Ernie, Nancy, and the Bushmiller Society


Various among us have long been baffled and sometimes afflicted by the persistent presence, lurking at the fringes of cartoon afficionadom—or, sometimes, burrowed deep, prairie-dog-like, into its heart—of a sect or cultish non-organization of penumbra dimension, cult-ivated (so to speak) by a person or persons unknown. Cartoonist Shannon Wheeler, editor and purveyor of Too Much Coffee Man magazine, professes as much exasperation at the phenomenon as anyone:

            “For years,” Shannon admitted many moons ago, “I have been increasingly mystified and fascinated by the shadowy cult of personality that has grown around a highly unlikely figure: the late cartoonist Ernie Bushmiller of Nancy fame.” Wheeler said he has the highest regard for “seminal figures like Carl Barks, Harvey Kurtzman, Will Eisner and Jack Kirby,” but he can’t imagine how Bushmiller has earned a place, admittedly a cloudy one, in the firmament of cartooning. “He was no innovator,” Wheeler snivels. “He inspired no school or technique. His ‘storytelling’ consisted of rudimentary gags and the worst kind of puns. He wasn't even a charismatic figure in life: he was a self-described ‘square’ who referred to himself as ‘the Lawrence Welk of cartoonists.’ His work, to me, seems aimed at simpletons. Nonetheless his enduring appeal is tough to deny, and his hardcore fans reflect a zealotry rare for any artist in modern culture.” In an effort to explain this mysterious and irrational dedication, we now paw through the alleged facts of Bushmiller’s life and work.

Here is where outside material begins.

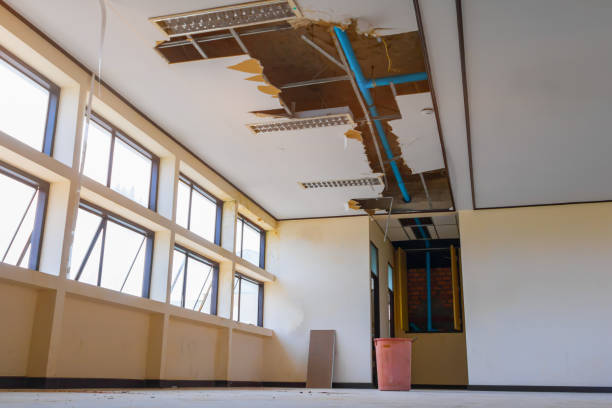 Best Emergency water damage restoration  in Rockford, MN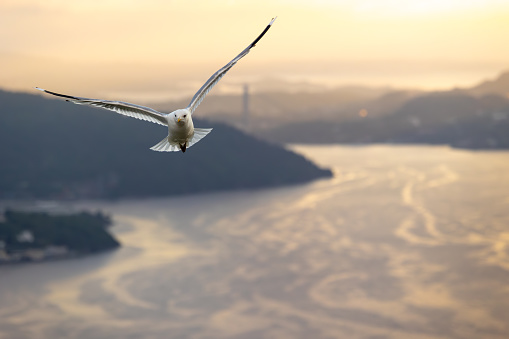 A seagull flying above Bergen, Norway at Sunset. The waterway in the background is called Byfjorden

            Ernest Paul Bushmiller was born August 23, 1905 in the South Bronx, New York, the son of Ernest George Bushmiller, artist, vaudevillian, and bartender, and Elizabeth Hall. Young Ernie quit school after completing the eighth grade and went to work as a copy boy at Joseph Pulitzer’s legendary New York World; evenings, he attended classes at the National Academy of Design.  Running errands for the staff cartoonists, he inveigled occasional drawing assignments, one of which was illustrating a Sunday feature about magic written by Harry Houdini.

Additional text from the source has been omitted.